Very few things will make you feel as good about yourself as a beginning. The feeling of having intrigued someone. Knowing that a person genuinely wants to know who you are. That someone, somewhere, is thinking about you and smiling.

I love falling in love. Not the loving itself, so much as the falling. I’m bad at the loving, but good god am I great at the falling. I miss it. Terribly, actually. But that’s another post. And maybe love is too loaded of a word. More than falling in love, I want to fall into the person I’m with. I want to freefall and splash right into their mind and heart and swim around for a while.

The problem with beginnings, though, is that they’re only the beginning until they aren’t anymore. And then what?

An ex of mine and I used to talk on the phone every night for hours and hours on end. We talked about everything you could think of, from what your stats would be if you were a D&D character (nerd love) to religion (he a staunch Catholic, and me an equally staunch Atheist) to our innermost fears and beyond. The conversations were never forced; we didn’t have to struggle to think of things to talk about. We took turns asking each other questions. Anything was fair game, but the rule was you had to answer your own question after the other person did.

After a few months of this, coming up with questions we hadn’t asked and answered already got a little tricky. We found ourselves asking more silly surface questions than thought-provoking ones. The game had to change. No more questions. Just one directive. “Tell me something I don’t know about you.” That shift led to some of the most intimate conversations I have ever had with another person, to this day. Those late-night talks still have a place in my heart that few other people have ever come close to, almost ten years later.

That relationship crashed and burned to the ground rather unceremoniously, but also resulted in one of the dearest friendships I have (with someone else), so I guess all’s well that ends well. I think somewhere deep down though, I’ve been chasing that feeling ever since. I’ve been trying to replicate that sense of wonder. And I’ve come close here and there, but it’s never sustainable.

What makes the beginning of anything so magical is the possibility of it all. That this might end up being nothing, but it might also end up being exactly what the two of you need in that moment. Where we lose our way is getting hung up on what everything means. What is this becoming? What is this going to be?
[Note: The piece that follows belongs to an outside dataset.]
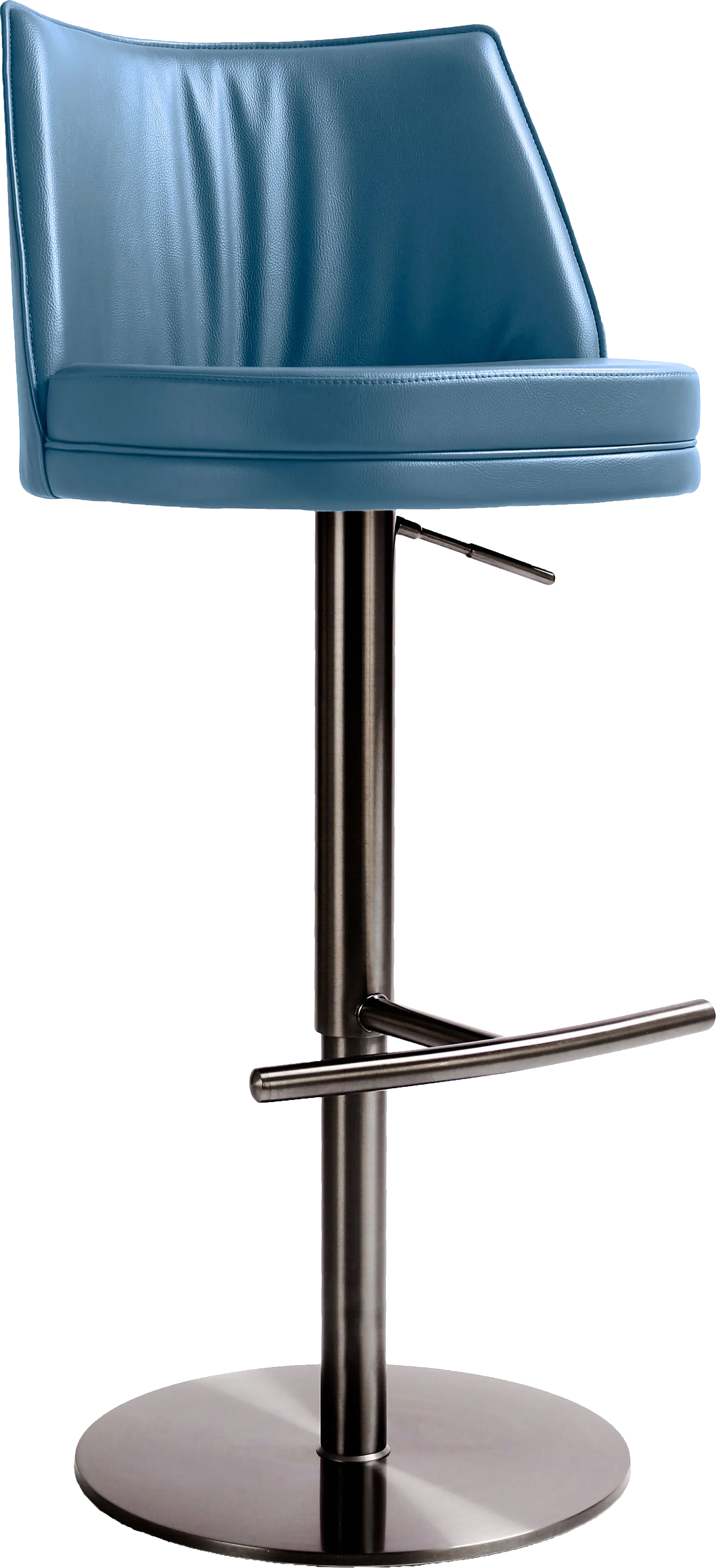 Tuolomne Blue Adjustable Barstool - Thumbnail - Image 1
What are we doing? Where are we going?

I know for a fact that I’ve spooked people by getting too deep into that too early on. I used to want people the way I wanted to catch fireflies. You’re beautiful, so I want to keep you in this jar where you’re mine-all-mine and I can watch your pretty glow whenever I want. But there’s something about a firefly in a jar that just isn’t as beautiful as it was before. The beauty of fireflies isn’t just the glow; it’s watching them twinkle together, it’s following them with your eyes and losing them for a moment, only to find them again. You lose all of that when you keep them captive. Well, that and they die.

I’ve also scared myself out of being with people by doing all that fretting. But if I hook up/keep flirting/go on a date with this person, what’s going to happen? Are they going to keep calling me? What if I don’t want them to? What if I fall in love with them and they don’t want me? What if this is all I want? What if they want something more than I do and I don’t know how to tell them? What if I end up hurting them? What if I end up getting hurt?

The inside of my brain can be an exhausting, exhausting place.

My particular brand of social anxiety is one in which I can’t tolerate pressure at all. I freak out. Something about me not knowing how to establish or enforce boundaries so I just hope people intrinsically know where they are and get resentful when they don’t. Anyway. I’ve intentionally stopped flirting with people and made sure nothing happened just so I wouldn’t have to deal with the pressure of it all.

I really didn’t need to, though. Things are going to be what they’re going to be. Someone might be in your life to rock your entire world, or they might be in your life to rock your bedroom for one night. Those are both beautiful things. You never know what can happen with someone, but the only way to find out is to just let it be.